Confocal Immunofluorescence Microscopy

Transfected HEK293 cells were fixed with 10% neutral buffered formalin (Fisher Scientific SF100-4) for 30 minutes then blocked and permeabilized for 30 minutes with 10% goat serum (Sigma S26-LITER), 0.1% Triton X-100 (Fisher Scientific BP151-500) in PBS (Fisher BioReagents BP665-1). Primary and secondary antibodies were diluted in the same blocking and permeabilization buffer and incubated at room temperature for 90 minutes. Cells were washed three times in blocking and permeabilization buffer between primary and secondary antibodies, and three times in PBS prior to coverslip mounting with Prolong Glass with NucBlue mounting media (Invitrogen P36981) and high-tolerance No. 1.5 coverglass (ThorLabs CG15KH1). Images were acquired using a Nikon A1R HD inverted confocal microscope with a 60X oil objective and NIS Elements AR software.

Statistical analyses

Analyses were performed using GraphPad Prism 8.4.2. Gene expression data were analyzed by one-way ANOVA followed by Dunnett’s multiple comparisons to unedited U937 cells.

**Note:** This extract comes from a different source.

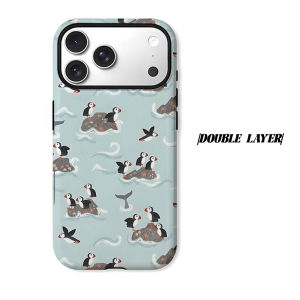 Arctic Puffin Coast Phone Case for iPhone 18 17 16 15 14 13 12 11 Air Pro Max Plus Double-layer Cover
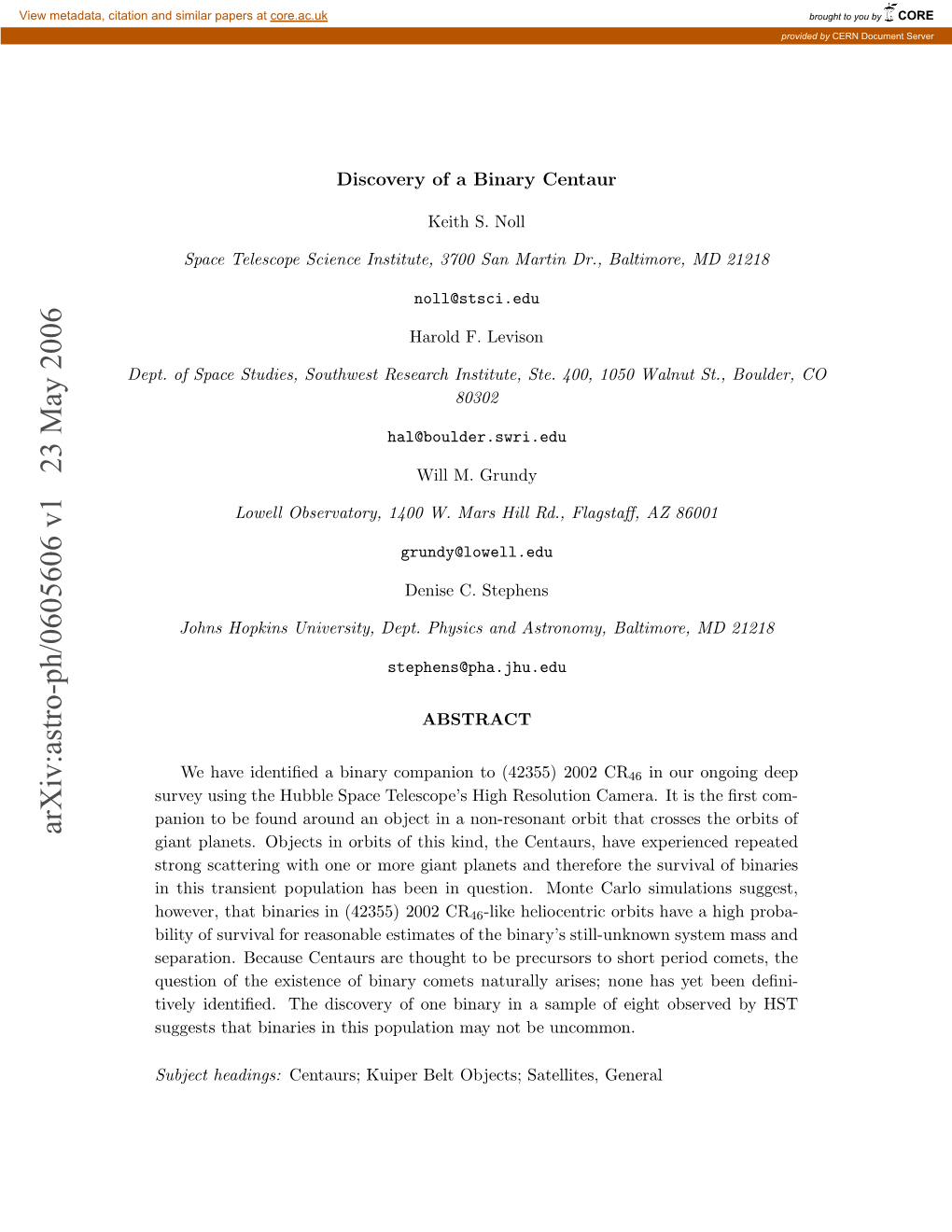 Arxiv:Astro-Ph/0605606 V1 23 May 2006 Et Fsaesuis Otws Eerhisiue Ste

Article TitlePseudogene-mediated gene conversion after CRISPR-Cas9 editing demonstrated by partial CD33 conversion with SIGLEC22P

Abstract

Although gene editing workflows typically consider the possibility of off-target editing, pseudogene-directed homology repair has not, to our knowledge, been reported previously. Here, we employed a CRISPR-Cas9 strategy for targeted excision of exon 2 in CD33 in U937 human monocyte cell line. Candidate clonal cell lines were screened by using a clinically relevant antibody known to label the IgV domain encoded by exon 2 (P67.6, gemtuzumab). In addition to the anticipated deletion of exon 2, we also found unexpected P67.6-negative cell lines which had apparently retained CD33 exon 2. Sequencing revealed that these lines underwent gene conversion from the nearby SIGLEC22P pseudogene during homology repair that resulted in three missense mutations relative to CD33. Ectopic expression studies confirmed that the P67.6 epitope is dependent upon these amino acids. In summation, we report that pseudogene-directed homology repair can lead to aberrant CRISPR gene editing.